To sort data in PySpark DataFrame, you can use the orderBy()
method. It allows you to specify one or more columns by which you want to sort the data, along with the sort order (ascending or descending).
Here’s an example of sorting data using the orderBy()
method:
sorted_df = df.orderBy("column1", df.column2.desc())
In this example:
The DataFrame df is sorted primarily by the “column1” in ascending order.
If there are ties in “column1”, the secondary sort is applied on “column2” in descending order.
You can also specify the sort order using the asc()
or desc()
functions. Here’s an example:
from pyspark.sql.functions import desc sorted_df = df.orderBy(desc("column1"), "column2")
In this case, the “column1” is sorted in descending order using the desc()
function, and “column2” is sorted in ascending order.
Additionally, you can sort by multiple columns by passing them as separate arguments to the orderBy()
method.
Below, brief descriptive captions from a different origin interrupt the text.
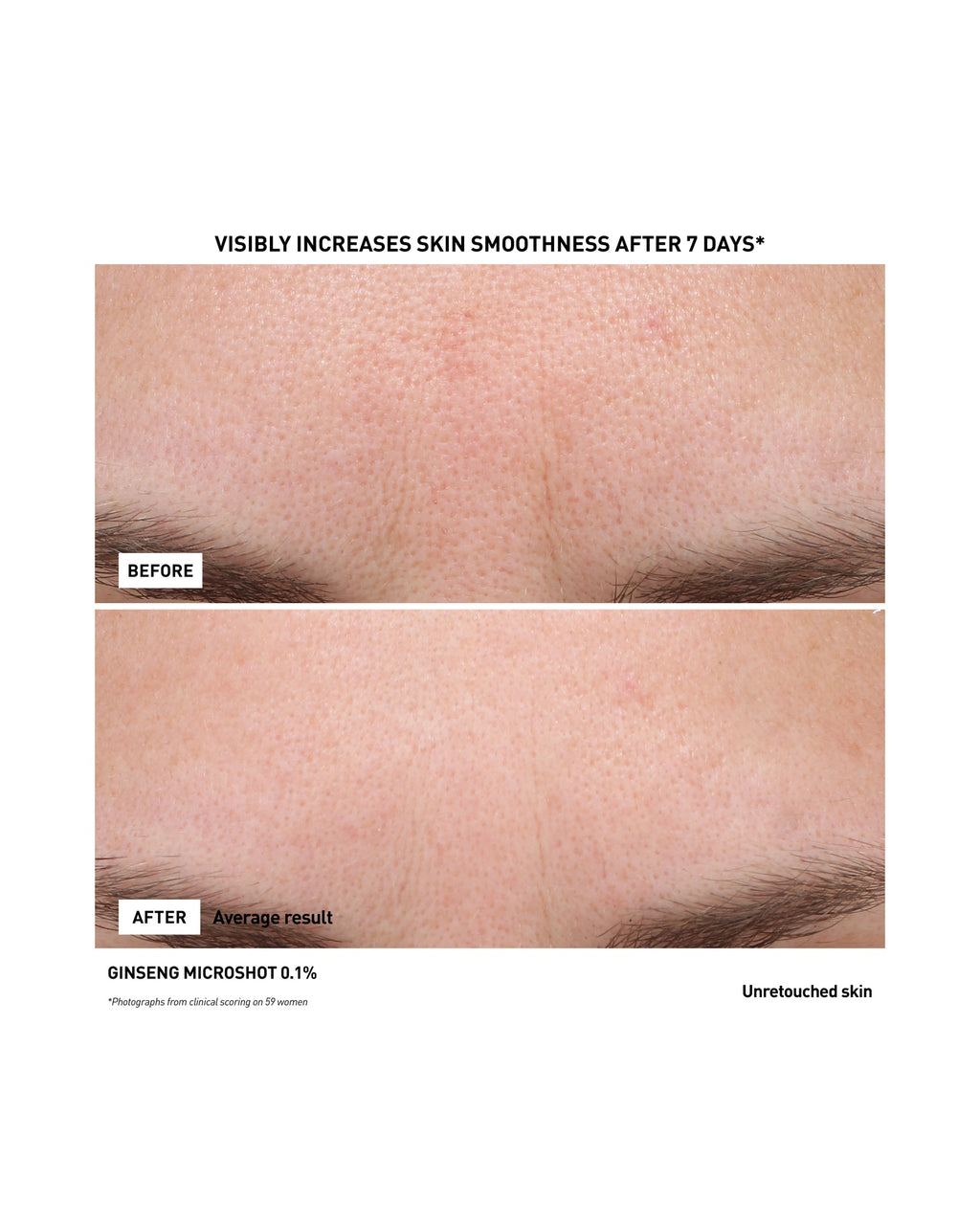 GINSENG MICRO SHOT 0.1%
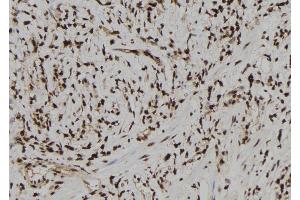 ABIN6273180 at 1/100 staining Human gastric tissue by IHC-P.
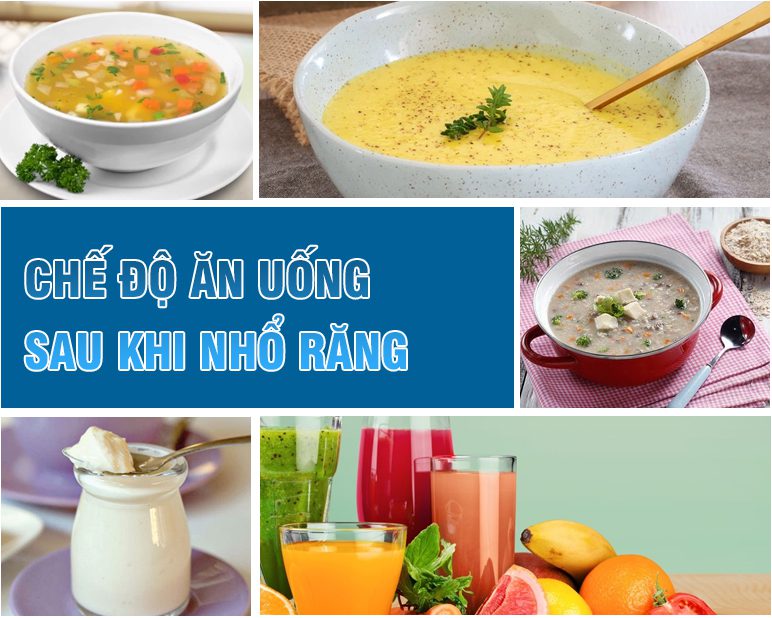 Nên ăn gì sau khi nhổ răng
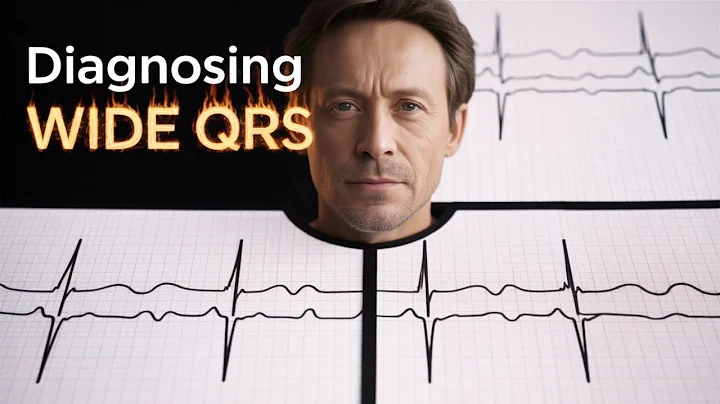 Wide QRS tachy - differential diagnosis & management #wideqrstachycardia #widecomplextachycardia ECG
For example:
sorted_df = df.orderBy("column1", "column2", desc("column3"))
In this example, the DataFrame is sorted primarily by “column1” in ascending order, then by “column2” in ascending order, and finally by “column3” in descending order.
By default, the orderBy()
method sorts the DataFrame in ascending order. To sort in descending order, you can use the desc()
function or specify the sort order as desc
.
Sorting the data in a PySpark DataFrame using the orderBy()
method allows you to organize the data in a specific order based on one or more columns, facilitating analysis and downstream processing.